Problem requirements
Copy, pictures aside: the lines below from the one that holds "Drew's green ruffled" through the final line of the listing, both ends included, exactly as they are and nothing else.

Provided material
▶
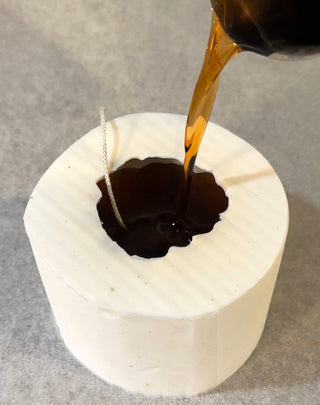Colata della cera nello stampo bianco per la candela a forma di zucca Hot&Vintage, con lo stoppino già posizionato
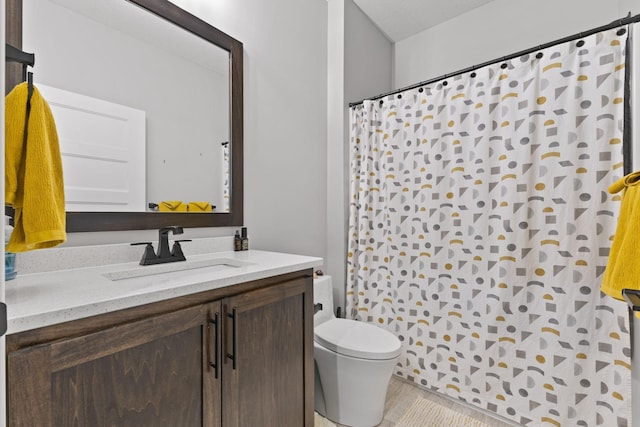 full bathroom featuring toilet, vanity, and a shower with shower curtain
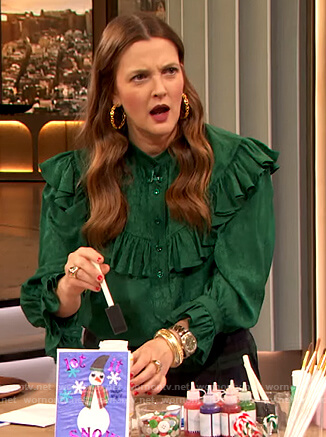 Drew's green ruffled blouse and plaid pants on The Drew Barrymore Show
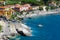 Elba Island, Italy. June 25, 2016: Seashore with beach and rocks and rocky slope of the Island of Elba in Italy. Many people on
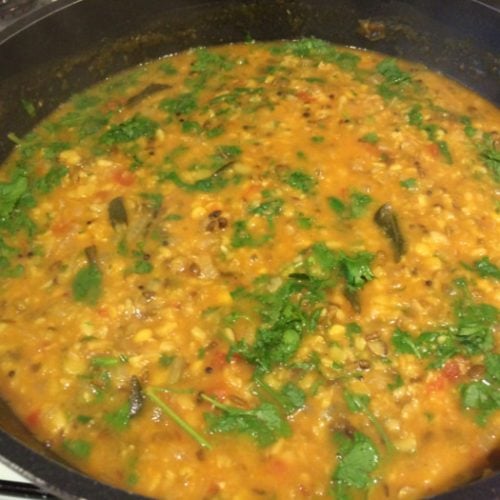 Organic mixed tadka dal in a saucepan, garnished with coriander leaves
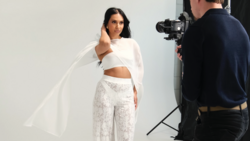 Model in white crop top and patterned pants poses during studio photoshoot with camera operator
◀
Result of this task
 Drew's green ruffled blouse and plaid pants on The Drew Barrymore Show
 Elba Island, Italy. June 25, 2016: Seashore with beach and rocks and rocky slope of the Island of Elba in Italy. Many people on
 Organic mixed tadka dal in a saucepan, garnished with coriander leaves
 Model in white crop top and patterned pants poses during studio photoshoot with camera operator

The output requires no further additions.